Obviously I'm not a psychologist — you can take that as a detriment if you like, but personally I'm proud of it; and anyway if this advice doesn't stand on its own, then you should ignore it. You're smart.
I. Recognize what Self-Esteem is and Why It's Important. Self-Esteem got a bad rap when people turned it into a bullet-point fix-all buzz-word bullshit answer to The Everything, but ignore all that and think about what it means: It means not hating yourself. Not experiencing your whole life through the filter of a constant buzz of negative thinking, the equivalent of having a whole roomful of people dissing and hating on you all day, every day, except that since it's you doing it to yourself, the dissing is amazingly pinpoint accurate and blisteringly hard to ignore by just gutsing your way through it. Bad self-esteem is a handicap, a mental problem that not only prevents you from making the most out of your life, but that steers you inexorably into self-destructive behaviors and situations, and impairs your ability to make the kind of decisions you actually want to make probably worse than anything short of PCP. (If that sounded overly dramatic, think about it again: Would you rather be drunk and trying to make a long-term series of life-decisions in a positive way, or face the same decisions while possessed by demons that could trick you into thinking that you wanted and deserved what was worst for you?)
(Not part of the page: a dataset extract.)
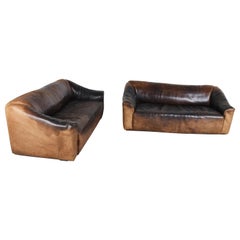 Pair of three seater DS47 sofas by De sede, 1960s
If you're smart, you are self-aware and therefore have a strong interest in fixing your self-esteem. (Maybe you aren't convinced that you can fix it, but put that on hold for the moment; I'll prove it soon.) If you're not sure whether you have a self-esteem problem, do this simple test: Watch your thinking as closely as you can for a day, and note (with a mark on paper or something) how many times you think something negative about yourself, versus how many times you think something positive. Doing this exercise will probably cause you to think extra positive things about yourself for that day, but that can be instructive too: How hard is it? How weird does it feel? For me, for a long time even trying to honestly think something like, "because I'm awesome is why" was really, really hard, and I could tell I was faking it even while I did it. You may not be (hopefully aren't) that bad off, but if you're not sure it's really worth watching and keeping track for a day. This problem can be stealthy, since obviously it has a vested interest in hiding itself from your logical mind. (And that's not an anthropomorphization or dramatization either: It's a mental construct, and it's just as cagey as the rest of your mind can be. Are you smart enough to lie not to get caught? Then so is it.)
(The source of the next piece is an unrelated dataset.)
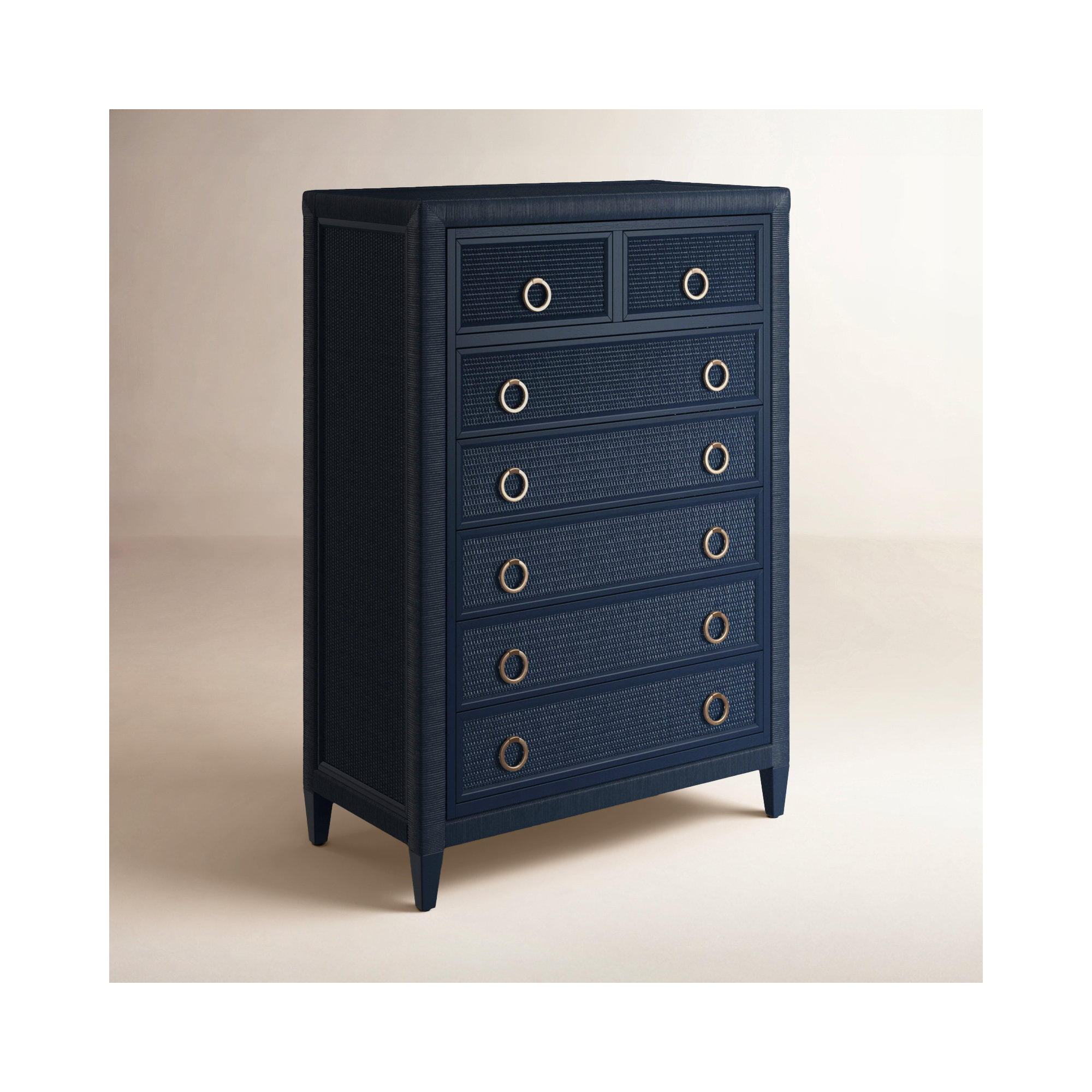 Warwick 7 Drawer Wicker Chest, Navy, Satin Brass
Self-esteem comes from two things: Having accomplished things that you yourself are proud of, and having your basic needs met. Think of this as the emotional side of the coin that "being physically fit" is the physical side of: To be physically fit, you have to a) meet your basic health needs, and b) successfully accomplish some kind of physical exercise. To have self-esteem, you have to a) meet your basic emotional needs, and b) successfully accomplish some kind of emotional growth.
I'm going to start with basic needs, because as with the physical version, this often gets overlooked, and it's flat fucking stupid to overlook it. You cannot be physically fit if you're fundamentally unhealthy: Even if you manage to fake it for a while, it'll fall apart on you, guaranteed. And being fit isn't about looking muscular; it's about strength, resiliency, and successfully being in the world in a positive way. Same thing with self-esteem: Faking it is not making it. The basics are utterly essential.
"OK," I can hear the DA in my head saying, "But it's a lot harder with emotional needs. First you have to know what they are, and that's different for everybody, and and and…" –But I argue in return that it's not all that different, nor that much (if any) harder. There are basic truths that apply in pretty much every case, and the process of finding out the specifics of what works for you is pretty much the same as it is with diet and exercise: Try things that make sense, watch yourself to learn the results, keep what you're doing or change it based on the evidence, rinse repeat.
However, we shouldn't overlook that we're talking about people doing this who already have bad self-esteem: How do you figure out and meet your basic emotional needs when a part, maybe a large part, of your mind insists that you don't deserve to have them? Well, you have some bad habits to get around in that case, but it's not impossible, and it's as worth doing as eating right and exercising is for the very physically unfit.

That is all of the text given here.